Tresin si lascia guidare anzitutto da un’istintiva sensualità del colore, che diventa l’anima stessa delle sue opere, in grado di trasmettere emozioni e di essere esso stesso pura emozione. Tutti i colori trovano una loro sapiente orchestrazione, ma forse tra tutti la nota dominante è quella del blu, nella cui profondità è amabile perdersi e attraverso il quale si manifestano i processi di conoscenza e di indagine interiore. Mediante il colore nel quale possono rivelarsi timidamente le voglie e le paure dell’essere e dell’apparire Tresin propone una personale interpretazione del mondo contemporaneo, messo letteralmente in scena con i caratteri del gioco e dell’ironia.

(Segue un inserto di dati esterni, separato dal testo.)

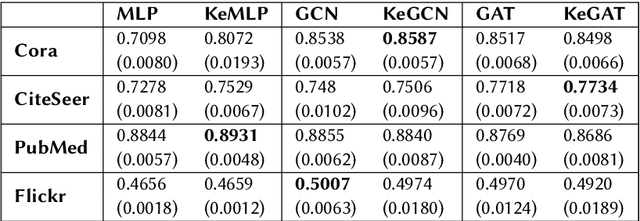 Figure 1 for Knowledge Enhanced Graph Neural Networks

Le sue tele si animano di presenze, icone dell’uomo moderno, figure che non hanno un volto né altro dettaglio fisico che non sia il contorno. Non sono né eroi né personaggi illustri, sono sagome, spesso bianche, talvolta rosse, che solo per convenzione possiamo chiamare guerrieri o danzatori a rappresentare metaforicamente il dualismo insito nella vita stessa con la sua alternanza fra bene e male, i momenti duri, ma anche l’infinita leggerezza dell’essere. In virtù del suo carattere ludico e della sua ironia, l’opera di Tresin riesce a rendere accessibile il proprio messaggio, che è un messaggio di impegno sociale, un invito a riflettere sui valori che la società contemporanea esprime. Attraverso un particolare meccanismo logico, Tresin innesca una comunicazione a più livelli fatta di codici cifrati e di segni-simbolo, dalla cui lettura derivano una o più soluzioni. L’autore si ferma a riflettere sul mondo dei consumi, sulla velocità frenetica con cui oggi tutto si consuma e si svuota di significato, affetti, cultura, oggetti.
Nei suoi lavori trovano così ampio spazio i codici a barre, i microchips, le geometrie ad incastro, e ogni genere di elemento tratto dal linguaggio del computer o della grafica pubblicitaria. Lo scopo è quello di promuovere una riflessione e indurre a cercare qualcosa d’altro al di sotto della pelle dell’opera. Offrire più livelli di lettura dell’opera d’arte è uno degli obiettivi di Tresin, per cui ogni segno, ogni oggetto, ogni forma vive una vita propria all’interno dell’opera ma suggerisce anche letture inedite nell’insieme simbolico della composizione. Il pensiero e l’agire dell’uomo occidentale sono sempre più influenzati dal linguaggio delle macchine. Da questa considerazione nasce la serie dei Biomeccano, opere che contengono la vita espressa attraverso forme geometriche, e dove il riferimento al computer e alla macchina è presente, ma come dato puramente esteriore. L’opera di Tresin stimola una riflessione, ma mentre indica una soluzione, contemporaneamente suggerisce altre possibili strade. Nei lavori più recenti è presente un ritorno alla figurazione, attuato mediante un lavoro di contaminazione tra la pratica manuale e il linguaggio dei mass media. Sono presenti elementi iconici, che si esprimono mediante frammenti di un’umanità fatta di sguardi, sospesi in una deriva virtuale dove ancora una volta sono le geometrie e i linguaggi informatici a suggerirne la lettura. La pittura di Tresin è qualcosa di mobile e in continuo divenire, che esprime il bisogno di indagare e scoprire la modernità senza pregiudizi, in maniera libera e aperta. La ricerca è caratteristica principale nell’autenticità della sua passione pittorica, insieme ad un solido impianto culturale. Questi elementi conferiscono alla sua opera una fresca originalità che si affranca dalla ripetizione di schemi tradizionali per diventare una ricerca che si lega sì al tempo, ma sa rimanere aperta a nuove definizioni.